**WHAT IS NEEDED**
Leaving out the images, please reproduce each line below exactly.
EXERCISE DATA START
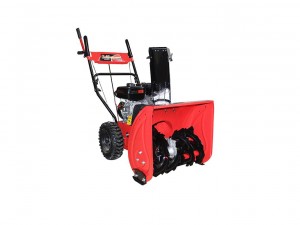 Снегоуборщик Brait BR-7856W арт.05.01.018.075 - фото 2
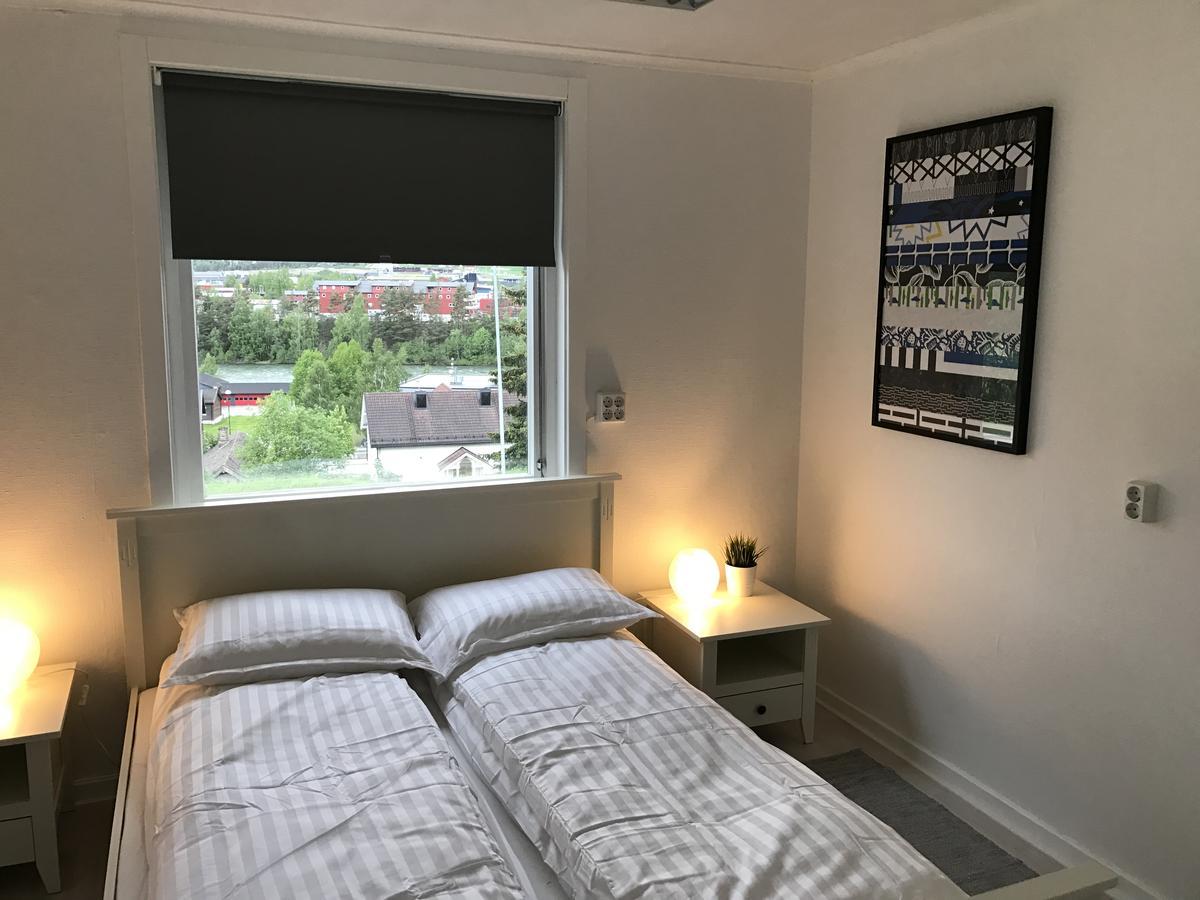 Vinstra Hostel Dış mekan fotoğraf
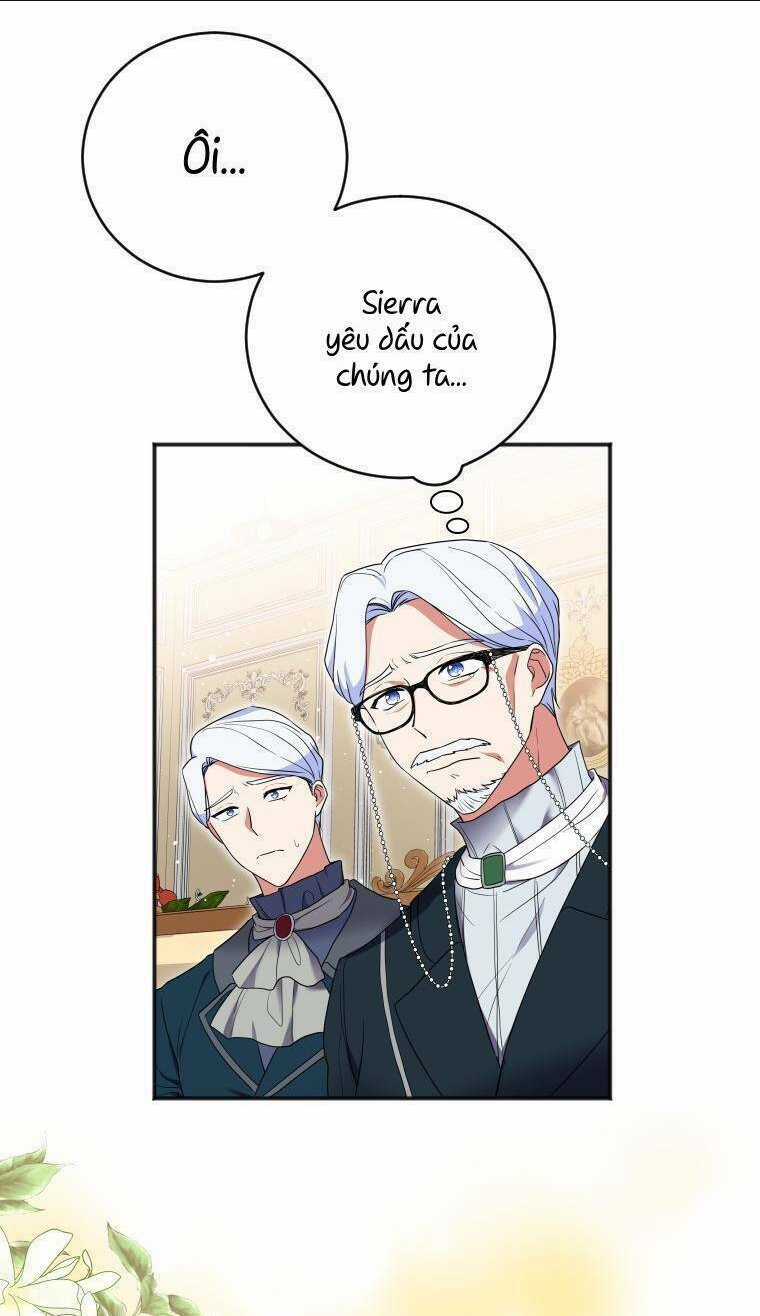 Tôi Đã Đình Công Vì Đã Đến Hạn Chót Chapter 13 trang 12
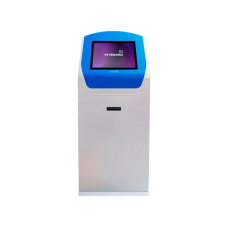 Інтерактивний кіоск INTBOARD INFOCOM-Т 19″ (Термінал)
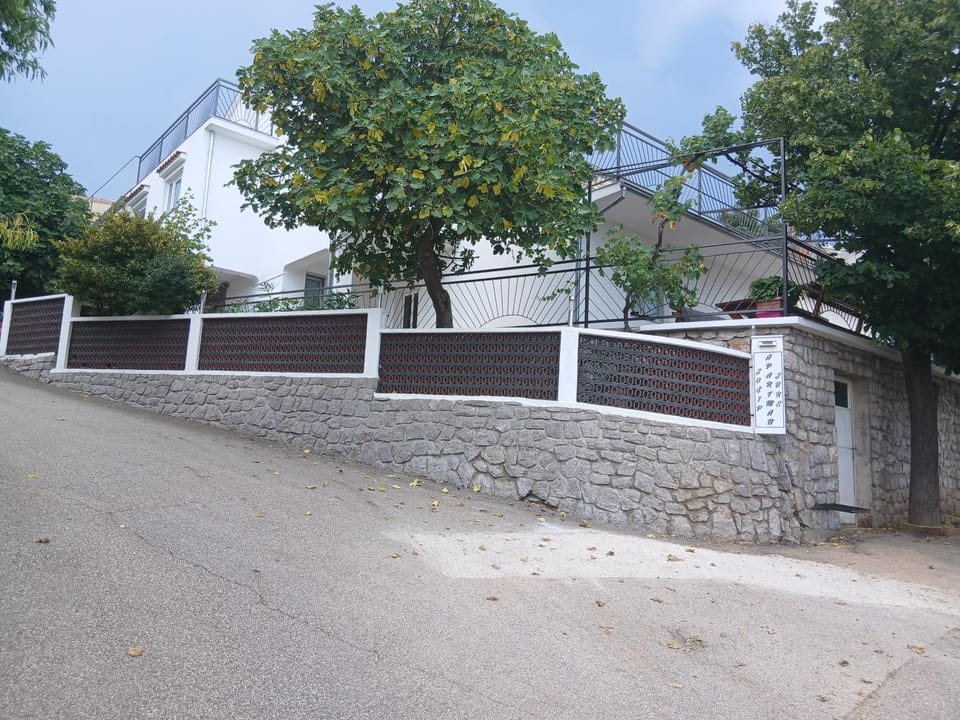 Josip Apartment in Lika-Senj County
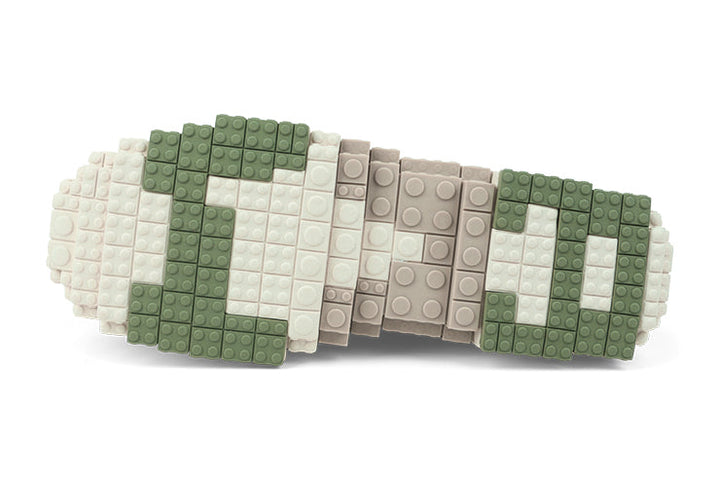 XPRESOLE BLOCKS MEN (HIGH TOP)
EXERCISE DATA END
**THE ANSWER**
 Снегоуборщик Brait BR-7856W арт.05.01.018.075 - фото 2
 Vinstra Hostel Dış mekan fotoğraf
 Tôi Đã Đình Công Vì Đã Đến Hạn Chót Chapter 13 trang 12
 Інтерактивний кіоск INTBOARD INFOCOM-Т 19″ (Термінал)
 Josip Apartment in Lika-Senj County
 XPRESOLE BLOCKS MEN (HIGH TOP)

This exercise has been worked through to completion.